The duo – whose “Destroyers” tag is borne from their personal slant on Vintage Blues, British Invasion and Classic Rock – put together a CD calling card to get more gigs. It was followed by “Love Is Blood,” released November 9, 2018, and debuting at No. 2 on iTunes Blues charts.
“I grew up on all American music — Rock ’n’ Roll and Blues — but back when I was playing in France I felt somewhat like a copycat,” Frenchie says. “But as soon as I landed in the U.S. I felt at home, because this was where the music I loved was born.”
But there was a continuous worry in the back of his mind. “When I played for Shooter the first time and he asked me to be in Stargunn, I had to tell him that I had to get my legal situation straightened out as I only had a tourist visa.” Waylon Jennings stepped in and wrote the Immigration and Naturalization Services to vouch for Frenchie’s character and musical ability, so the guitarist eventually got a work permit, which had to be renewed yearly at first. (Waylon also wrote to Frenchie’s parents to assure them he was in good hands and doing well.) After Stargunn broke up, Frenchie had to hustle gigs to keep his permit. “There were some jobs I would’ve turned down, but I had to keep working constantly. There was no down time.”
A gig with an exploding Texas Country star, Wade Bowen, brought Frenchie to Texas in 2003. Four years later, he replaced guitarist Chris Masterson (Steve Earle) in Jack Ingram’s band and started writing his own songs on the side.

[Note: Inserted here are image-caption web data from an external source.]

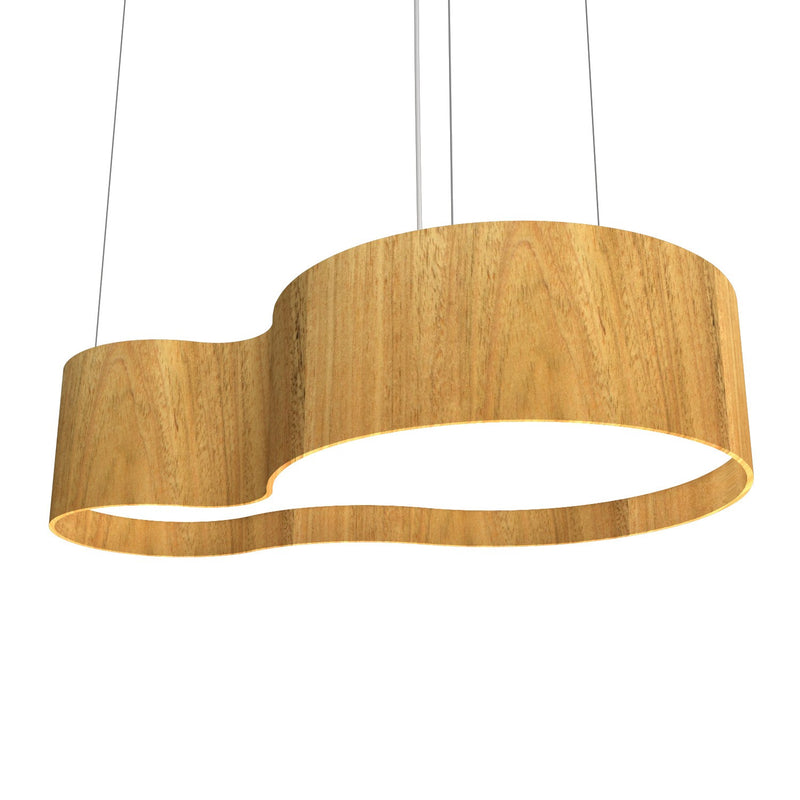 Accord Lighting 285LED.09 LED Pendant, Louro Freijo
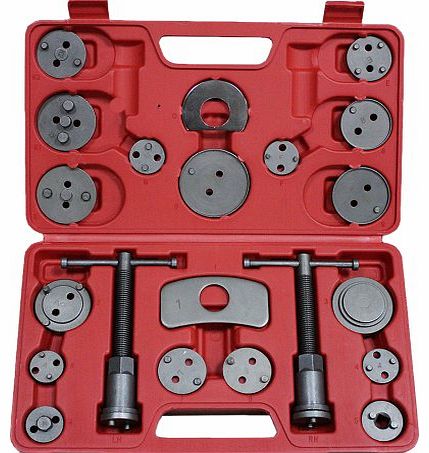 Jago BKRS02 Brake Caliper Piston Wind Back Tool Set Kit 22-pc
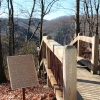 D ) Observation Shelter for Raven Cliff Falls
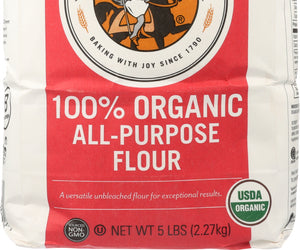 King Arthur Flour: Organic Unbleached All Purpose Flour, 5 Lbs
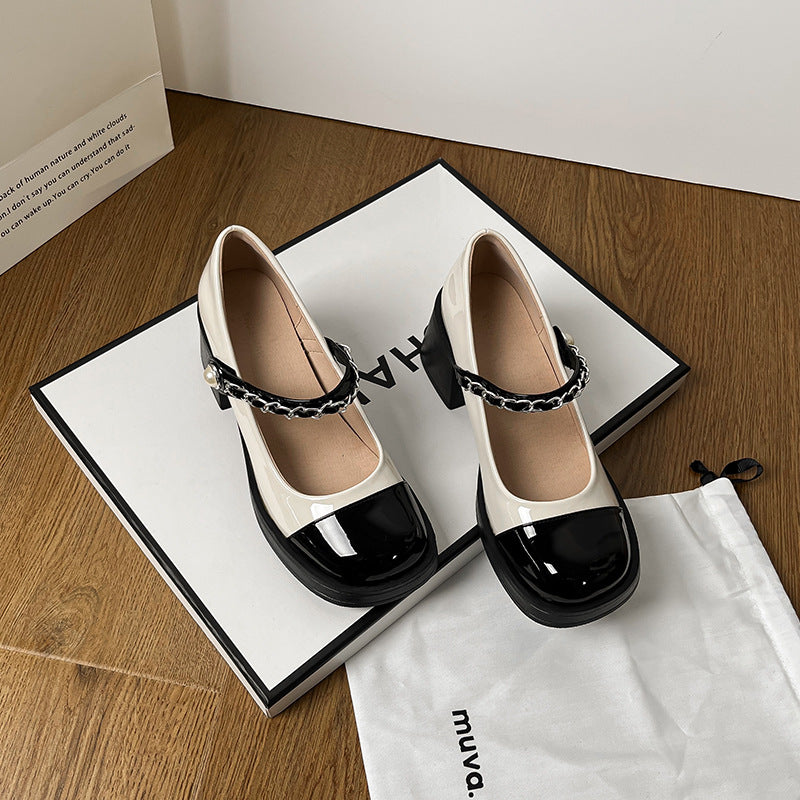 Women's Style Thick Bottom Chunky High Chain Women's Shoes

“Jack’s approach to songwriting was really influential. I’d see him constantly toying with song ideas, and he turned me onto folks like Townes Van Zandt and Guy Clark,” Frenchie explains. “But Billy Joe Shaver is my all-time favorite. I knew about him through the Waylon connection, and I’ve played with him a few times over the years. Billy Joe said the hardest thing about finishing a song is that you don’t get to play around with it anymore. I get that. It’s like a cat playing with a mouse before the kill.”
Although he’s played with many greats over the years, Frenchie says “the highlight of my musical career was becoming a U.S. citizen” in August 2016. “I have followed an uncommon path, never been married nor held a regular job, so becoming an American citizen solely based on my musical merits was the greatest day of my life.” It was something he’d dreamt of ever since he jumped onstage with Lucky Peterson back in his home country and drew wild applause. “To play with an all-star American blues band as a young French man and hold my own meant everything to me at the time. I knew there and then that I had something.”